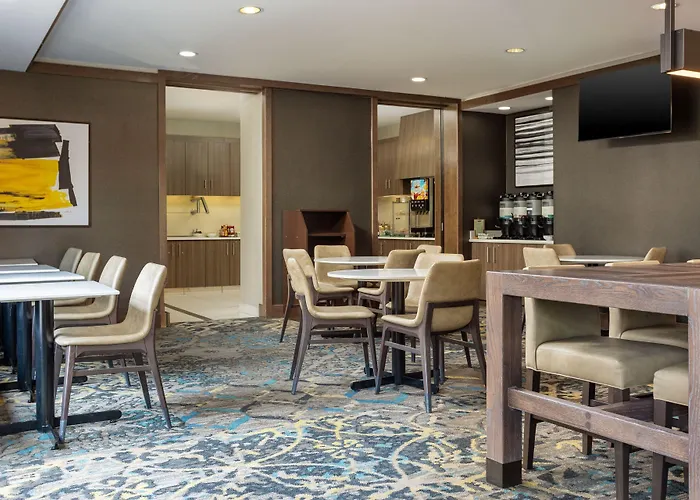 By Marriott Decatur 3* Forsyth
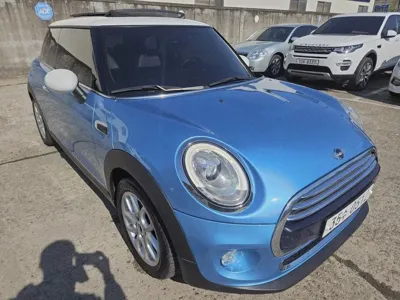 MINI Cooper 2016, 93366 км, за 4951.14 USD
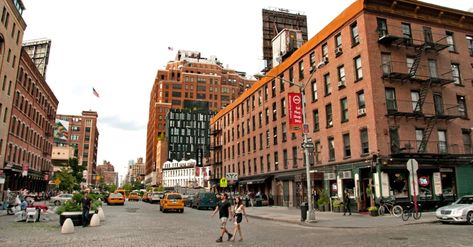 9 Things To Do and See in the Meatpacking District Meatpacking District Nyc, New York Central Railroad, Meatpacking District, Chelsea Market, Super Market, Whitney Museum, High Line, World Cities, Beer Garden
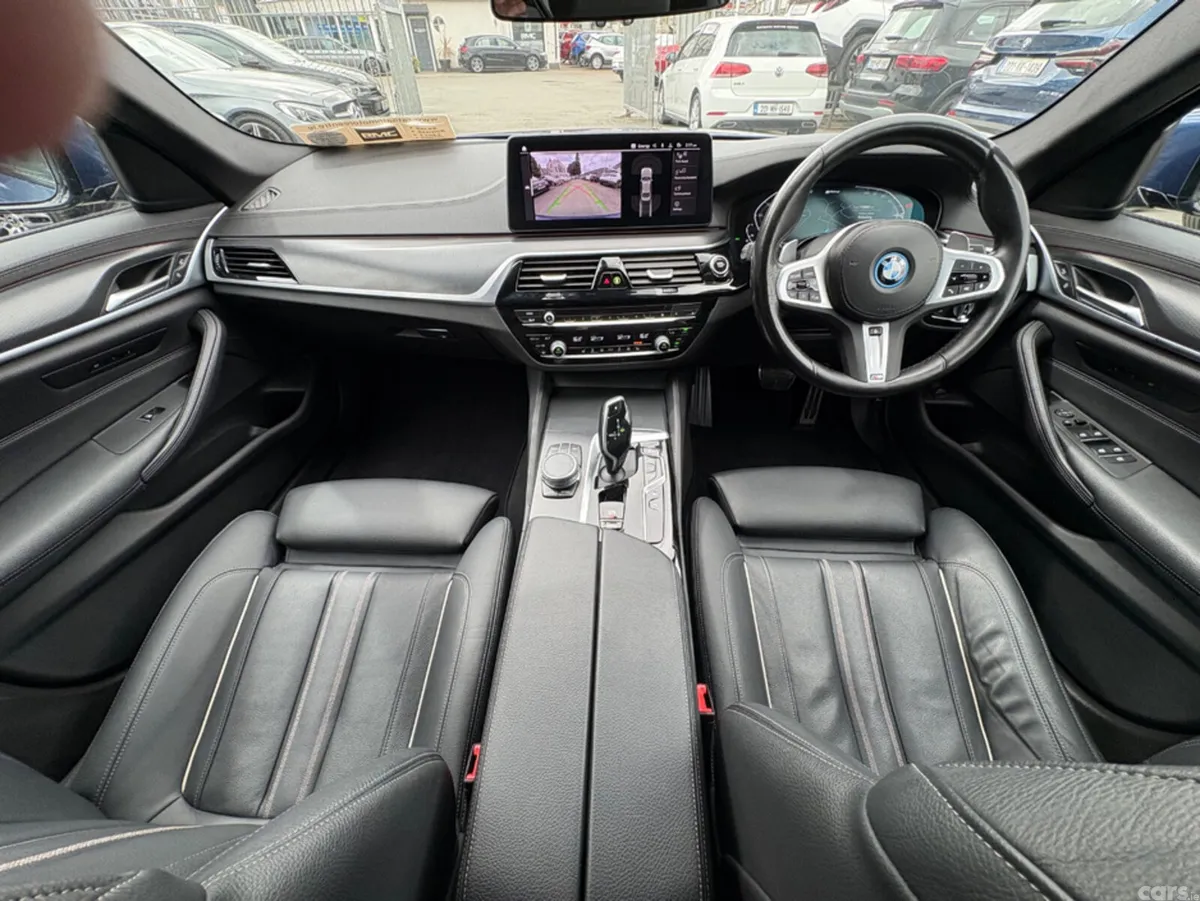 BMW 5-Series Saloon, Petrol Plug-in Hybrid, 2022, Blue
◇ ◇ ◇ ◇ ◇ ◇ ◇
*YOUR OBJECTIVE:* This exercise calls for the complete listing, returned exactly and without images.

*RESULT OF THE TASK:*
 By Marriott Decatur 3* Forsyth
 MINI Cooper 2016, 93366 км, за 4951.14 USD
 9 Things To Do and See in the Meatpacking District Meatpacking District Nyc, New York Central Railroad, Meatpacking District, Chelsea Market, Super Market, Whitney Museum, High Line, World Cities, Beer Garden
 BMW 5-Series Saloon, Petrol Plug-in Hybrid, 2022, Blue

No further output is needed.